If you often love to eat spicy stuff, south indian food is definitely the one..and ever wonder how they make these yellow colored spiced rice in indian restaurants…. yeah? i have a quick recipe. The yellow colored flavored rice we’re talking about is called ‘lemon rice’ especially made in south-india famous to last through some hot temperatures due the sourness in lemon.
I love my lemon rice either with egg fry or potato fry, but today its time to use up the left over eggs.
To make this spicy egg fry, chop finely 1 white onion + 1/2 red bell pepper. In a wide pan, add 2 tbps of oil, fry the onion and bell pepper for 3 minutes, add the eggs + salt + black pepper and scramble the eggs into 1″ inch pieces for 5 mins approximately to get the eggs fully cooked.
Lemon rice is pretty quick thing… if you have a day old rice that is good, if not, make some fresh white rice with 1:2 rice:water ratio, which will yield not too sticky rice.

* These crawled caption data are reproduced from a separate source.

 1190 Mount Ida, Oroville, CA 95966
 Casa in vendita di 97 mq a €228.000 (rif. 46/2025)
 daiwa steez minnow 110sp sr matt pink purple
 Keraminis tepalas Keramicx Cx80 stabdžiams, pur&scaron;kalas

Let it cool on a plate for 10 minutes.
Now to prepare for the rice, split about 4 red chillies + mustard + jeera seeds + 1 tsp of pepper corns, + 1/5 cup of lemon juice.

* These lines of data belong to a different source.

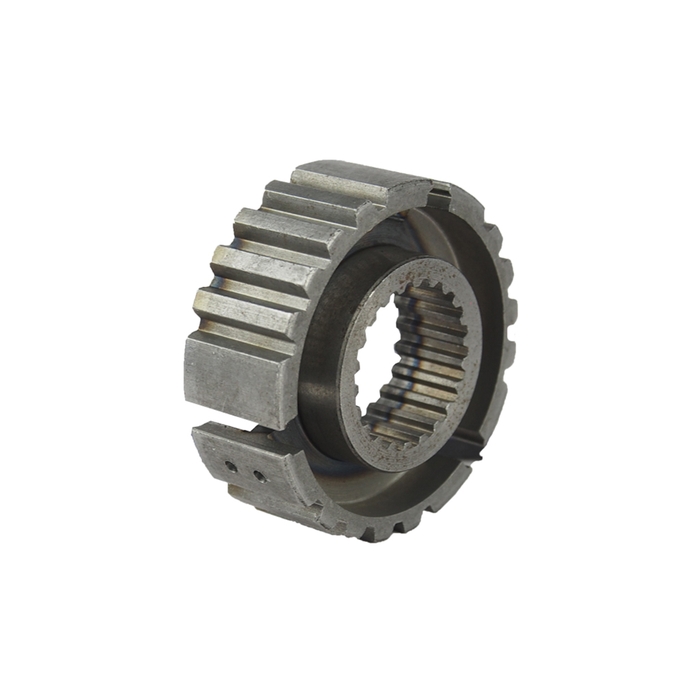 مغزی کشویی 5 پراید KOARTec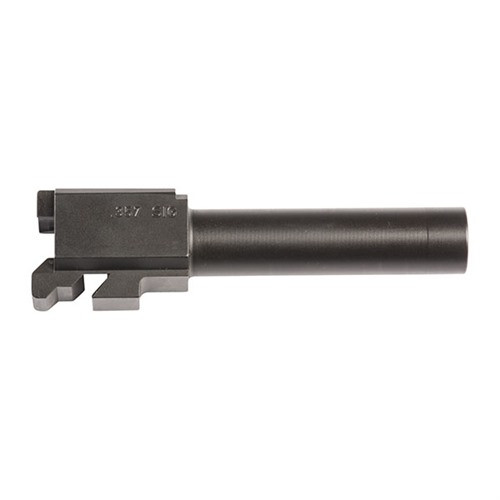 BARREL, USP357 COMPACT, LENGTH 3.5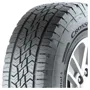 Anvelope Allseason - CONTINENTAL CROSSCONTACT ATR - 235/55 R17 103V - Poza 3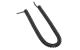 Votronic 2317 2x 0,5mm&sup2; Spiralkabel ca.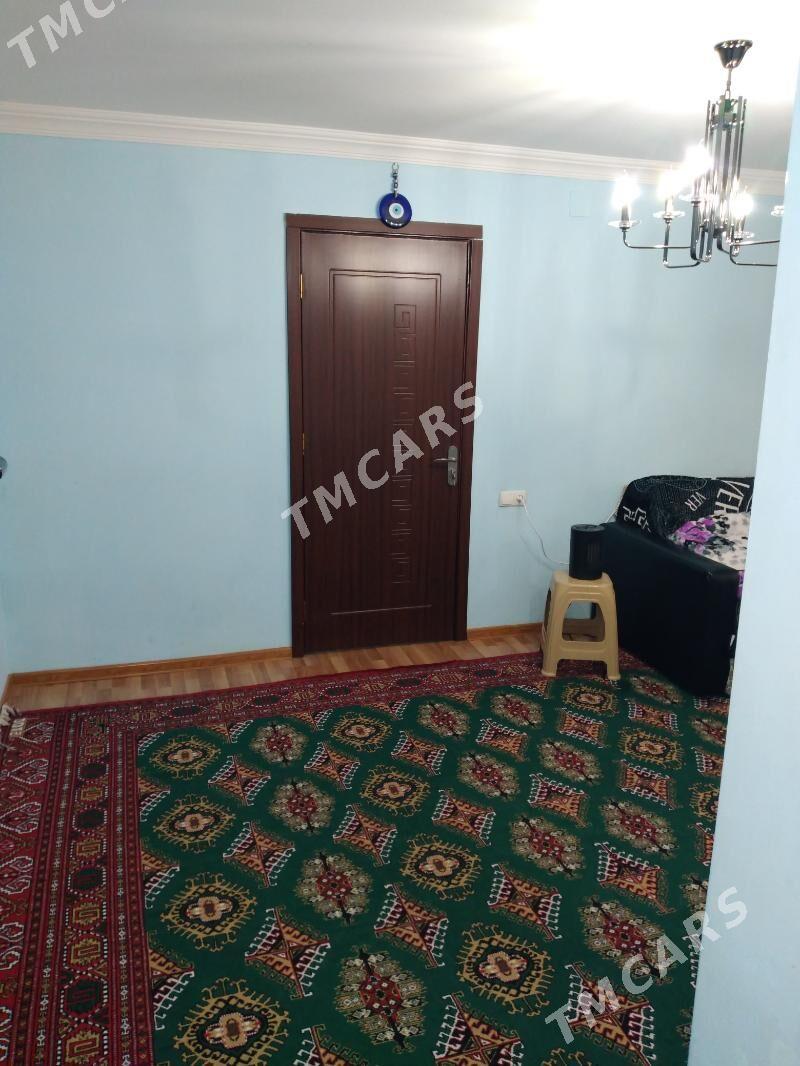 30 mkr talyp gyzlra - 30 mkr - img 9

In a wide mouthed pan, add the mustard and jeera seeds to the 2 tbps of heated oil, once the mustard seeds splutter, split and add the red chillies and let it brown for 10 secs, now add the lemon juice + 1/4 tsp of turmeric powder, switch off the heat and add the lemon juice + salt to taste and mix in the cooked rice into the lemon juice mixture.